Meyer hails PCC's success in helping ordinary people

Meyer: lawyers aren’t needed

The Press Complaints Commission has trumpeted its success at resolving invasion of privacy complaints by ordinary people – pointing out that it is not there just for celebrities.

This week the Commission revealed that just 2 per cent of privacy complaints in 2003 involved people in the public eye – and more than half concerned the regional rather than national press.

Speaking at the West of Scotland Newspaper Press Fund Annual Lunch, PCC chairman Sir Christopher Meyer said: “Privacy issues overwhelmingly concern ordinary members of the public who are caught up in the media spotlight for one reason or another.

“These are the people we are primarily here to help – people who simply do not have the resources, the time or the willingness to expose themselves to more publicity to try their chances in the courts.”

Meyer said 96 per cent of complainants said they were satisfied with the Commission’s work.
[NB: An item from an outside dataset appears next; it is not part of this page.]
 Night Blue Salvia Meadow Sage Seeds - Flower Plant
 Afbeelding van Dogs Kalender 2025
And he urged anyone tempted to pay for lawyers to handle their dealings with the PCC, not to bother.

“There is no need to use a lawyer at all to get satisfaction,” he said. “But when people do – and they must be free to do so – our report [2003 Annual Report] warns that the process will take up to 50 per cent longer, that it will cost them money for a service that is free, and that it will have no discernible effect on the outcome.”
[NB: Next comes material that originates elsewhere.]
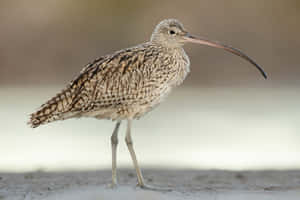 Eurasian Curlew Standing Wallpaper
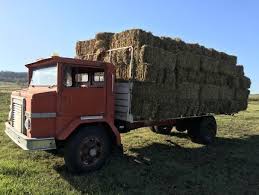 International Acco Farm Truck Trucks Gumtree Australia Toowoomba Surrounds Greenmount 117 Farm Trucks International Harvester Truck International Truck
The PCC’s annual report shows the total number of complaints rose 39 per cent to a record 3,649 in 2003.

Some 11.4 per cent concerned privacy, 5.7 per cent involved intrusion into grief or shock and 2.8 per cent were about the reporting of children.
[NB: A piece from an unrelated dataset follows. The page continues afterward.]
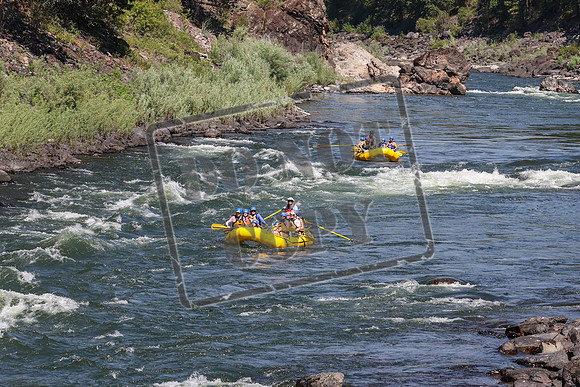 20240708-IMG_8290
The largest number of complaints (53.3 per cent) were about accuracy, followed by discrimination complaints at 17.2 per cent. The vast majority of discrimination complaints involved general disapproval of a news item rather than people with specific grievances.

Last week, a new version of the Editors’ Code of Practice, which underpins the work of the PCC, was issued. It bans the interception of private digital communications and amends the rules over payments to criminals.

The new code can be viewed at www.pcc.org.uk.